Task objective —
Reproduce each line below without any alteration.

Record set —

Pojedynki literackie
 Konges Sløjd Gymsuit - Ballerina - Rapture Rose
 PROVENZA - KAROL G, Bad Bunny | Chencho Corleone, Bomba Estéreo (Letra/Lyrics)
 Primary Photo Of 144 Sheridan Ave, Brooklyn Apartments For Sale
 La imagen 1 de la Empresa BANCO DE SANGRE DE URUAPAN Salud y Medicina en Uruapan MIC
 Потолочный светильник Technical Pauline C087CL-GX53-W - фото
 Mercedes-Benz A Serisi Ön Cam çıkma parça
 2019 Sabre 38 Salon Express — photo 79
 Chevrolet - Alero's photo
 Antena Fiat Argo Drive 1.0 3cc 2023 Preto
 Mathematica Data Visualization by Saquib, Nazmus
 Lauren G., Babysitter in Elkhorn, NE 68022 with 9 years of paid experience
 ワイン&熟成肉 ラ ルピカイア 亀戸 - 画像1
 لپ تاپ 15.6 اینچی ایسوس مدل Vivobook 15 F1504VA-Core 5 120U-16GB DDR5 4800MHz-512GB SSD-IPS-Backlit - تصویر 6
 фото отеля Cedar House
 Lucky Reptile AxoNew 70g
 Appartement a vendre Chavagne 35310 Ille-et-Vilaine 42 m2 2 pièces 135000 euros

Exercise response —
Pojedynki literackie
 Konges Sløjd Gymsuit - Ballerina - Rapture Rose
 PROVENZA - KAROL G, Bad Bunny | Chencho Corleone, Bomba Estéreo (Letra/Lyrics)
 Primary Photo Of 144 Sheridan Ave, Brooklyn Apartments For Sale
 La imagen 1 de la Empresa BANCO DE SANGRE DE URUAPAN Salud y Medicina en Uruapan MIC
 Потолочный светильник Technical Pauline C087CL-GX53-W - фото
 Mercedes-Benz A Serisi Ön Cam çıkma parça
 2019 Sabre 38 Salon Express — photo 79
 Chevrolet - Alero's photo
 Antena Fiat Argo Drive 1.0 3cc 2023 Preto
 Mathematica Data Visualization by Saquib, Nazmus
 Lauren G., Babysitter in Elkhorn, NE 68022 with 9 years of paid experience
 ワイン&熟成肉 ラ ルピカイア 亀戸 - 画像1
 لپ تاپ 15.6 اینچی ایسوس مدل Vivobook 15 F1504VA-Core 5 120U-16GB DDR5 4800MHz-512GB SSD-IPS-Backlit - تصویر 6
 фото отеля Cedar House
 Lucky Reptile AxoNew 70g
 Appartement a vendre Chavagne 35310 Ille-et-Vilaine 42 m2 2 pièces 135000 euros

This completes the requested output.